Design review feedback: “Major new features require an open design review, with community members debating pros and cons on mailing lists or JIRA issues. Providing your unique perspective in these design discussions is another form of contribution.”
Interestingly, according to Nauroth, “Community members that are invited to become committers and PMC [Project Management Committee] members typically have shown a history of participating in multiple types of contribution.” Not just code.
So where should someone begin their open source journey?
Make consistent, small efforts when contributing to open source projects
Madelyn Olson, a maintainer for the Redis database project, said that her role has tended to be as “ambassador,” someone who enables others to make larger code contributions: “Almost all of my contributions are minor. Normally I’m the one making small fixes all over the place.” Though Olson started small, eventually those consistent, small efforts resulted in her being asked to become a maintainer of the project, a signal honor.
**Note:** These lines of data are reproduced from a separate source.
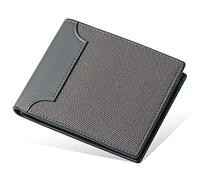 YTBHSHXZ Portafoglio da uomo in tela con blocco, 6 scomparti for carte, 1 scomparto for monete, 2 for contanti, portafoglio in PU a due pieghe(Grijs)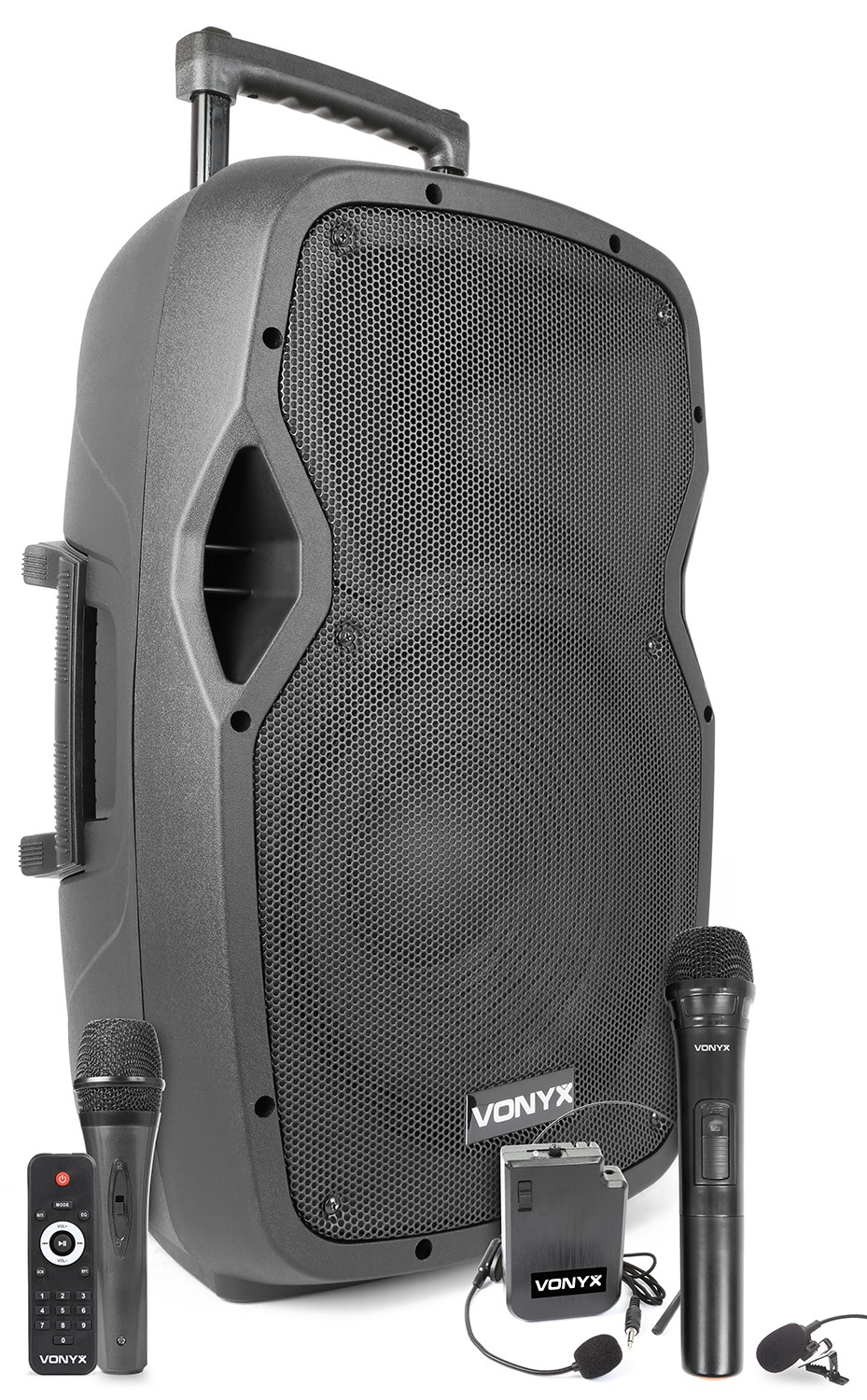 VONYX 550923425 Professional 12 "600w speaker with bt-usb-sd with 2 vhf radio microphone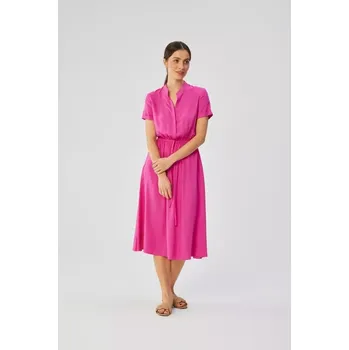 Dámské šaty S366 Viskózové šaty se šňůrkou v pase - lila EU L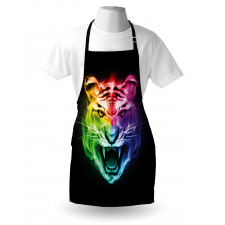 Abstract Feline Colorful Apron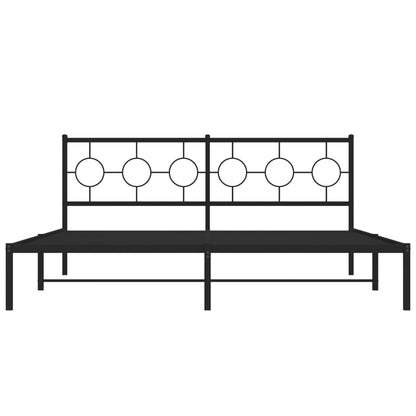 Giroletto con Testiera in Metallo Nero 180x200 cm | homemem39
So the first principle of open source contributions? “When I’m mentoring someone new to open source, the most important thing I want to impress upon them is that no contribution is too small,” said Nauroth. He went on:
At first, I felt very intimidated about sharing my work publicly for review by a strong technical community. I worried that if I didn’t present something groundbreaking, it would be seen as a waste of time. Instead, what I found is that open source projects are filled with thousands of rough edges: small bugs, erroneous documentation, insufficient test coverage, etc.
In other words, there’s always something to do, and consistency is the key. “Perhaps someone starts small,” he pointed out, and “gets excited to keep contributing over time, and then participation in the groundbreaking new feature comes later.” Or not. No contribution is too small, and many valuable contributions have nothing to do with writing code. Open source is all about community, and the best communities are filled with diverse people doing different things.